_Exercise aim_
Look below for the line containing "madurez en IA!". Reproduce it and every line after it exactly, and nothing more.
----
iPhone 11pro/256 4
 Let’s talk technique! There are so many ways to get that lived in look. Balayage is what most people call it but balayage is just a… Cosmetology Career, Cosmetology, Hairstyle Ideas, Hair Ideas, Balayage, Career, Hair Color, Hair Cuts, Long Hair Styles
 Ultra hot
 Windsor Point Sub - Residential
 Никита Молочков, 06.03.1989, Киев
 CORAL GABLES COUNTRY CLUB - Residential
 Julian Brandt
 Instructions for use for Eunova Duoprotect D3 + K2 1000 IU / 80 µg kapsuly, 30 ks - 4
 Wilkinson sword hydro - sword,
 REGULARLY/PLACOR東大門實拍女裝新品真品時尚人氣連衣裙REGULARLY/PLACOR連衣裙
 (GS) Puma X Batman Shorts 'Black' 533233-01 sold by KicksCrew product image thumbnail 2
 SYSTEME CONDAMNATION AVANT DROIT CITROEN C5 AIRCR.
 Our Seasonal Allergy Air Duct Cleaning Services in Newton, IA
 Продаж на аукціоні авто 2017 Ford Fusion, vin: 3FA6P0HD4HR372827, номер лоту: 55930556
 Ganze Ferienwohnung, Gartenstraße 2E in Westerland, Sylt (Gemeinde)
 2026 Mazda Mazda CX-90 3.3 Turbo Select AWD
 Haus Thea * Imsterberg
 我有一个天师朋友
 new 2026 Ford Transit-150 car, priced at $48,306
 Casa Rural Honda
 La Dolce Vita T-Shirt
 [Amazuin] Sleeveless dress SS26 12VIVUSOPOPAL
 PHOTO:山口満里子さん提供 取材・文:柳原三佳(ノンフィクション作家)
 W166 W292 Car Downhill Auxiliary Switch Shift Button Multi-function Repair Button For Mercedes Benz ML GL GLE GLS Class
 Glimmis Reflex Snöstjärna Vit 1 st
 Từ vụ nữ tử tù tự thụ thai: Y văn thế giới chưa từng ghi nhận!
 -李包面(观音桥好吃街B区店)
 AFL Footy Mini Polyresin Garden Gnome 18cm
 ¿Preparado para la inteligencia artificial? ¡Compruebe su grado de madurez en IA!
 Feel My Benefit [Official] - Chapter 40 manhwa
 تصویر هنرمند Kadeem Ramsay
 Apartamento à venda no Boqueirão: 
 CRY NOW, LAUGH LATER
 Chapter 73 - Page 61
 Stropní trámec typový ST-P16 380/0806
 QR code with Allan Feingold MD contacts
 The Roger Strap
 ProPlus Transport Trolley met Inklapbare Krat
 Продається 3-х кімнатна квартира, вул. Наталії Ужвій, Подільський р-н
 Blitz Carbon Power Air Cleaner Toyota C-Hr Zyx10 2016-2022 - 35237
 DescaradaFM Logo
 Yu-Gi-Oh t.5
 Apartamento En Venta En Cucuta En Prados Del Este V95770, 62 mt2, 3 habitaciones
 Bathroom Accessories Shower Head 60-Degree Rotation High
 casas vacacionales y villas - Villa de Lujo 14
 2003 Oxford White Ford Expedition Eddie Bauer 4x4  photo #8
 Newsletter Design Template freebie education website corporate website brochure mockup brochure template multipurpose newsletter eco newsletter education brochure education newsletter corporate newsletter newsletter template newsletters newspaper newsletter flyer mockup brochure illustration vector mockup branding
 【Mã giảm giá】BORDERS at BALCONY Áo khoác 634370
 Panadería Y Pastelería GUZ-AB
----
_Completed task_
 ¿Preparado para la inteligencia artificial? ¡Compruebe su grado de madurez en IA!
 Feel My Benefit [Official] - Chapter 40 manhwa
 تصویر هنرمند Kadeem Ramsay
 Apartamento à venda no Boqueirão: 
 CRY NOW, LAUGH LATER
 Chapter 73 - Page 61
 Stropní trámec typový ST-P16 380/0806
 QR code with Allan Feingold MD contacts
 The Roger Strap
 ProPlus Transport Trolley met Inklapbare Krat
 Продається 3-х кімнатна квартира, вул. Наталії Ужвій, Подільський р-н
 Blitz Carbon Power Air Cleaner Toyota C-Hr Zyx10 2016-2022 - 35237
 DescaradaFM Logo
 Yu-Gi-Oh t.5
 Apartamento En Venta En Cucuta En Prados Del Este V95770, 62 mt2, 3 habitaciones
 Bathroom Accessories Shower Head 60-Degree Rotation High
 casas vacacionales y villas - Villa de Lujo 14
 2003 Oxford White Ford Expedition Eddie Bauer 4x4  photo #8
 Newsletter Design Template freebie education website corporate website brochure mockup brochure template multipurpose newsletter eco newsletter education brochure education newsletter corporate newsletter newsletter template newsletters newspaper newsletter flyer mockup brochure illustration vector mockup branding
 【Mã giảm giá】BORDERS at BALCONY Áo khoác 634370
 Panadería Y Pastelería GUZ-AB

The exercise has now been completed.